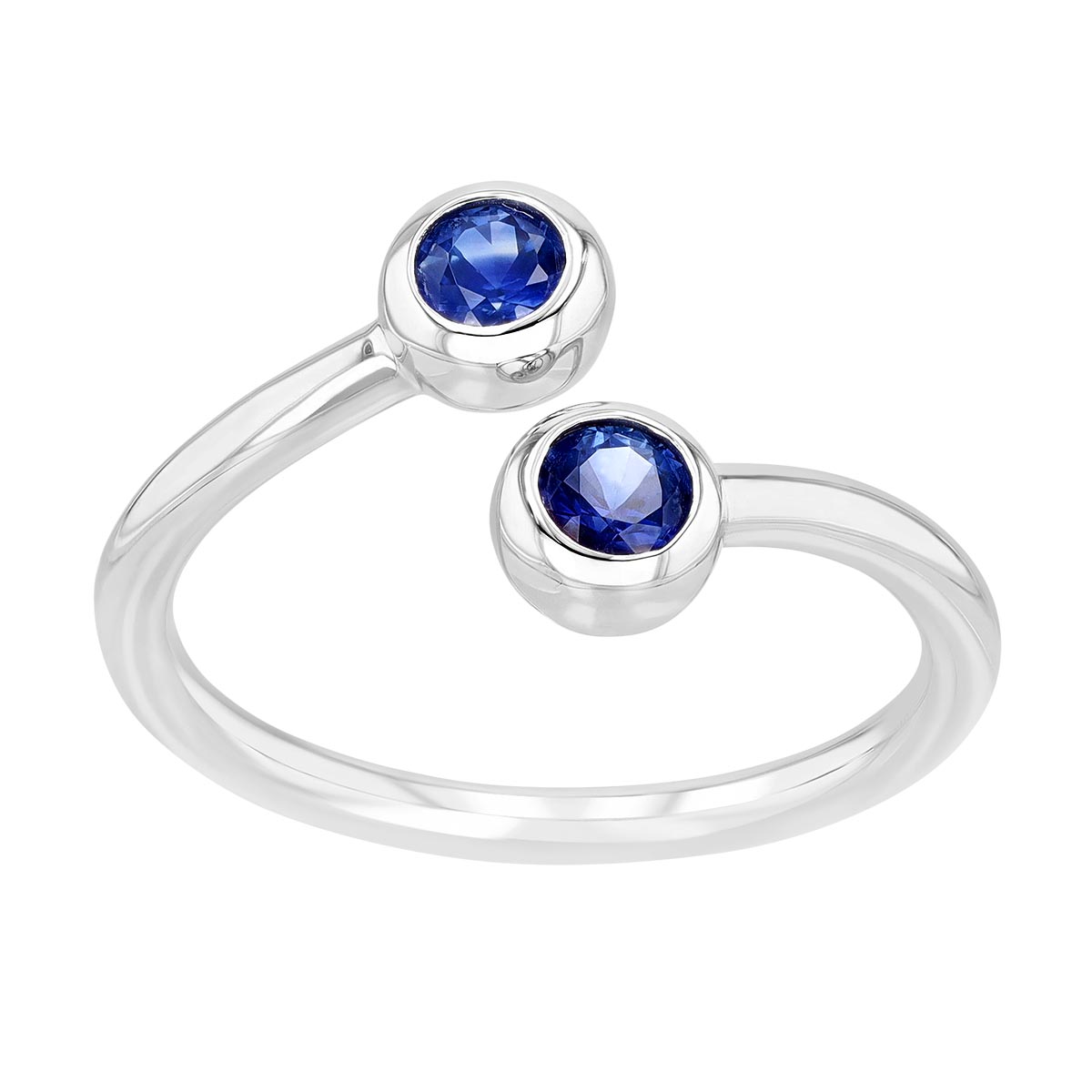 Round Sapphire Bezel Set Bypass Ring in White Gold | Borsheims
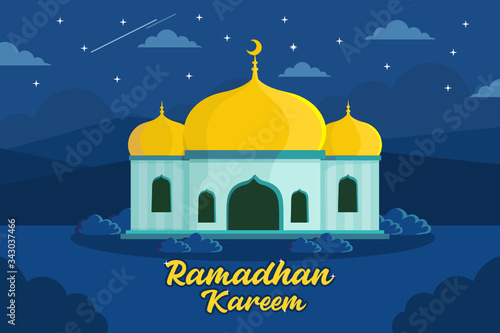 Ramadhan kareem, night Islamic background vector illustration with yellow mosque and nature landscape in flat cartoon style.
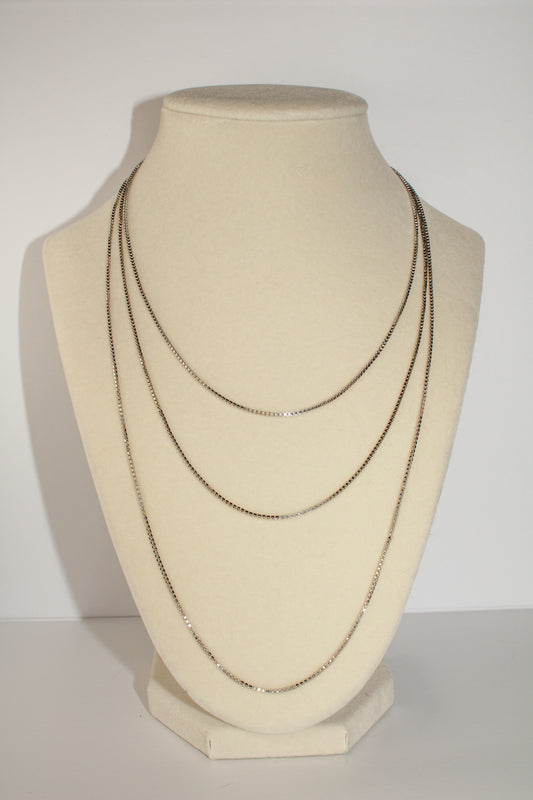 box chain necklace silver women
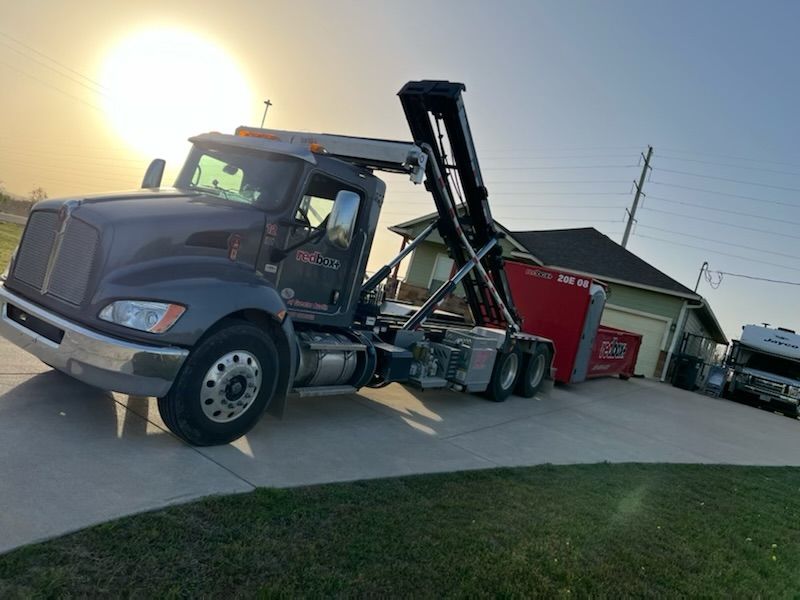 20 yard dumpster with porta potty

* _What you have to do_
Retype exactly, and only, the lines from the one containing "Ramadhan kareem, night" through the end of the material, leaving aside every picture.

* _Exercise solution_
 Ramadhan kareem, night Islamic background vector illustration with yellow mosque and nature landscape in flat cartoon style.
 box chain necklace silver women
 20 yard dumpster with porta potty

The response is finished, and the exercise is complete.